Supplied entries |
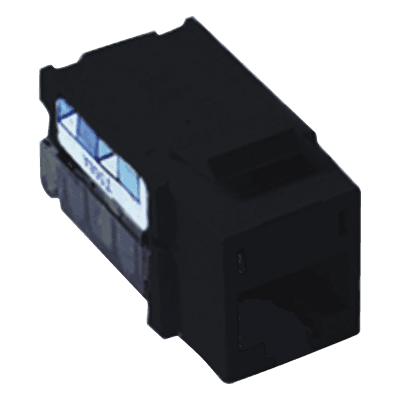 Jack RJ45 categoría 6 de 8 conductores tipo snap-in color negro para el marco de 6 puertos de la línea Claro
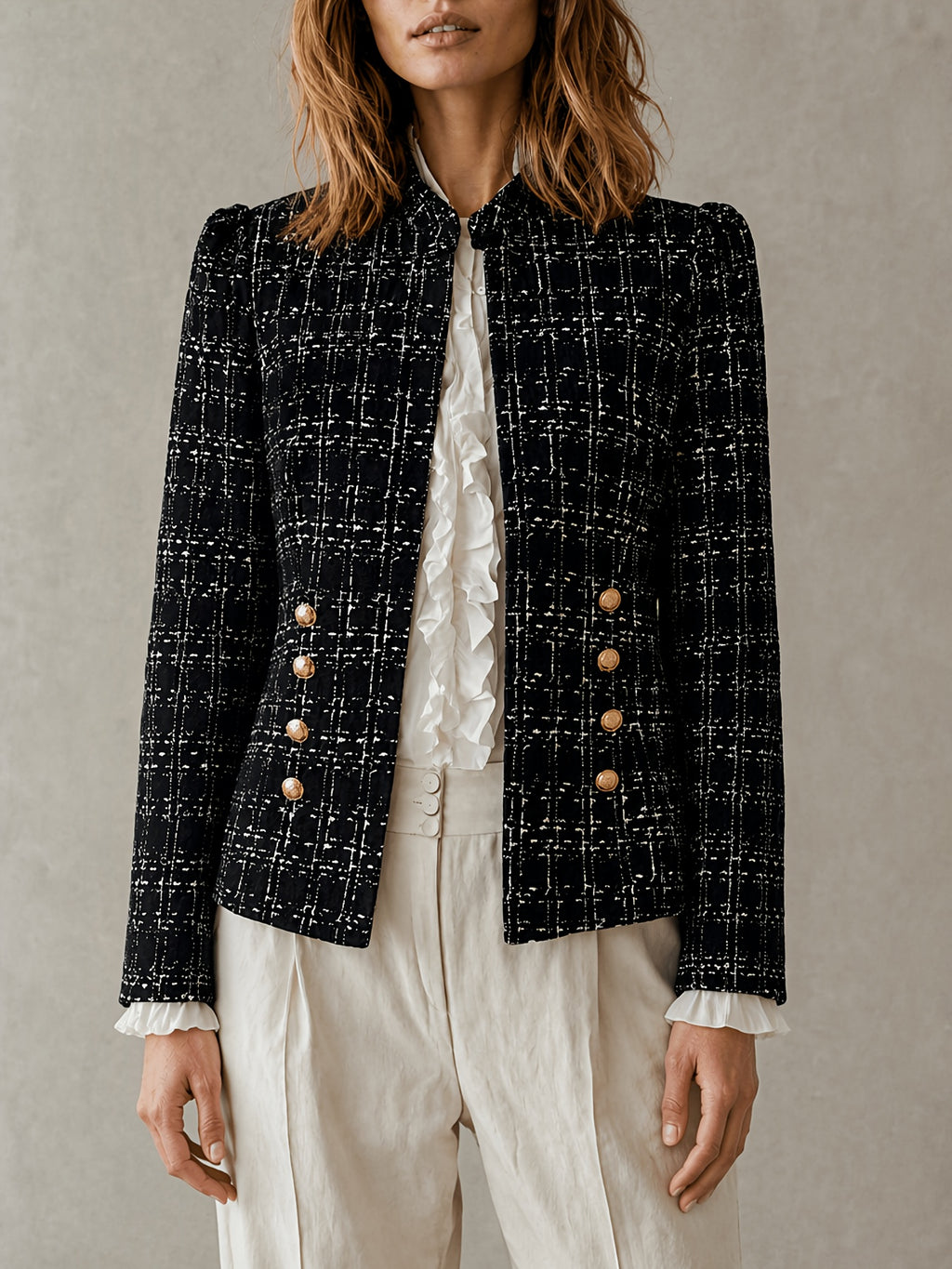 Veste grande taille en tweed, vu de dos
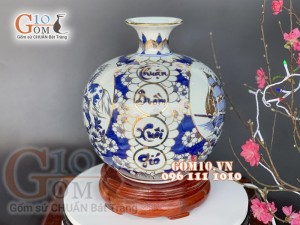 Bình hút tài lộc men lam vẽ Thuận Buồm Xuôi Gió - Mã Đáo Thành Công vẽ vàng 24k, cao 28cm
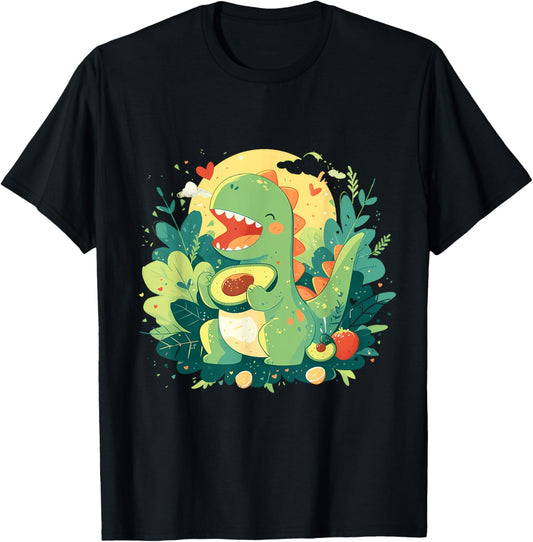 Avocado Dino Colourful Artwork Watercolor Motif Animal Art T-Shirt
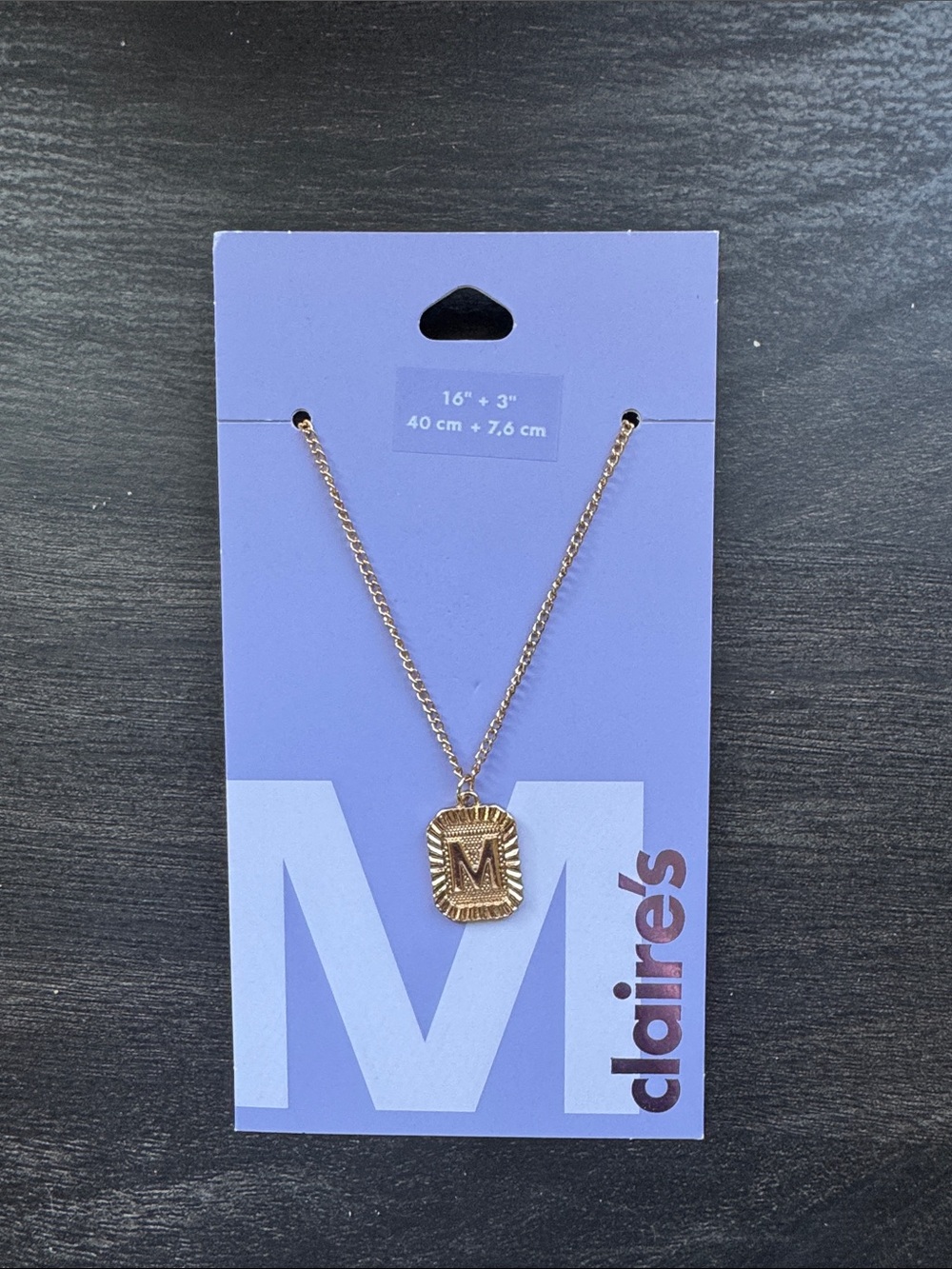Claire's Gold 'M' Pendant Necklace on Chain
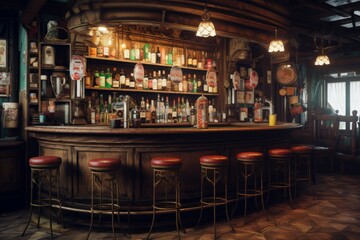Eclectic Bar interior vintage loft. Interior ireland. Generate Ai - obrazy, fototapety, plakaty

==

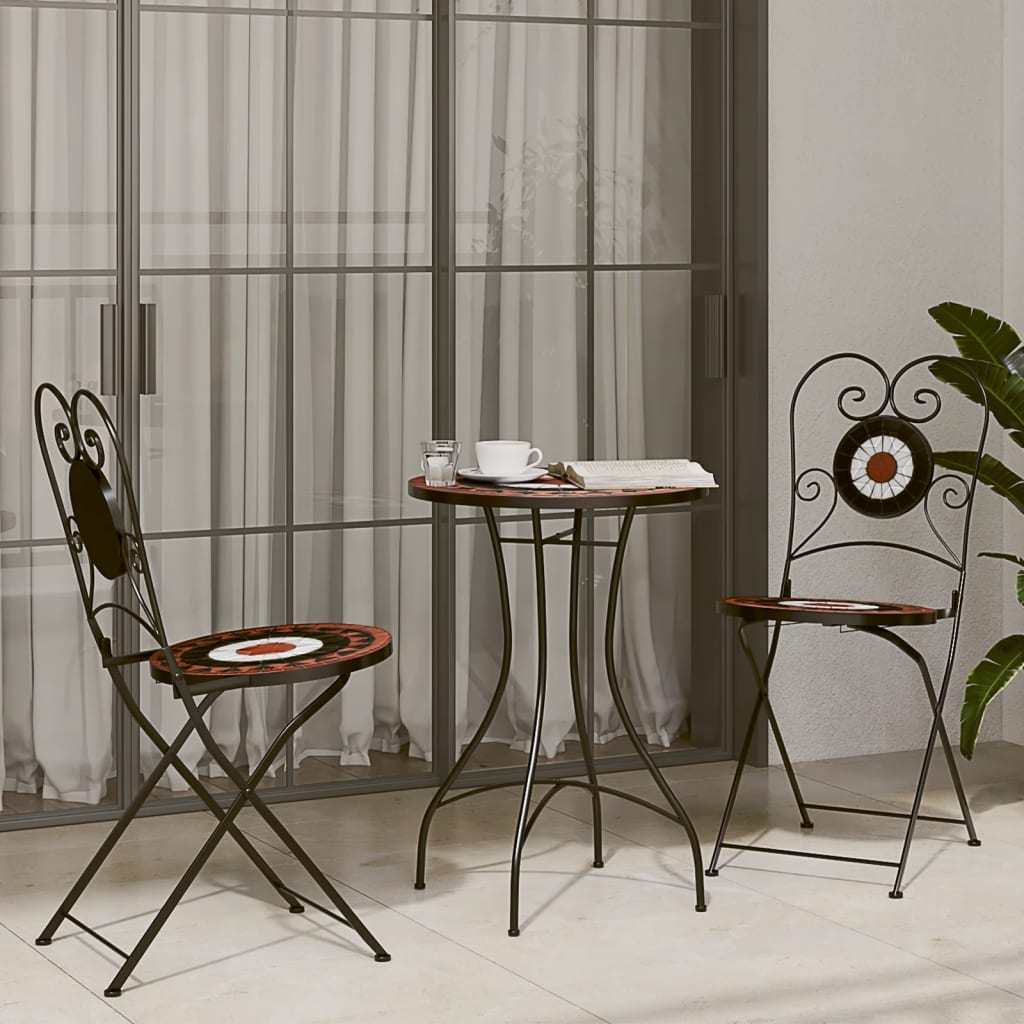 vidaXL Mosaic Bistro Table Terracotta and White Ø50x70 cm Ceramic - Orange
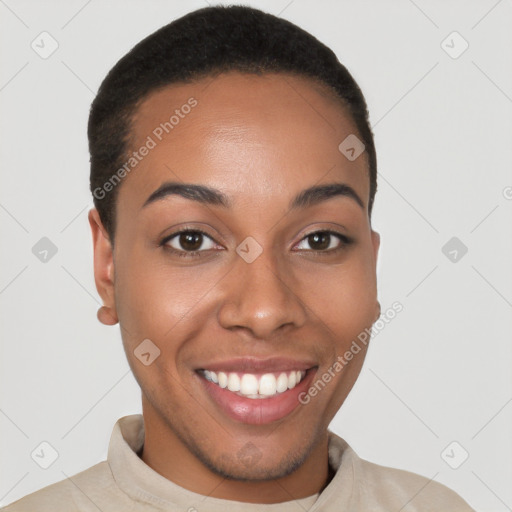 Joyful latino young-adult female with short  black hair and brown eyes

About this task | An exact copy is needed of the stretch above that opens with the line containing "Jack RJ45 categoría" and closes with the line containing "Eclectic Bar interior"; the pictures are not part of it.

Solution to this problem |
 Jack RJ45 categoría 6 de 8 conductores tipo snap-in color negro para el marco de 6 puertos de la línea Claro
 Veste grande taille en tweed, vu de dos
 Bình hút tài lộc men lam vẽ Thuận Buồm Xuôi Gió - Mã Đáo Thành Công vẽ vàng 24k, cao 28cm
 Avocado Dino Colourful Artwork Watercolor Motif Animal Art T-Shirt
Claire's Gold 'M' Pendant Necklace on Chain
Eclectic Bar interior vintage loft. Interior ireland. Generate Ai - obrazy, fototapety, plakaty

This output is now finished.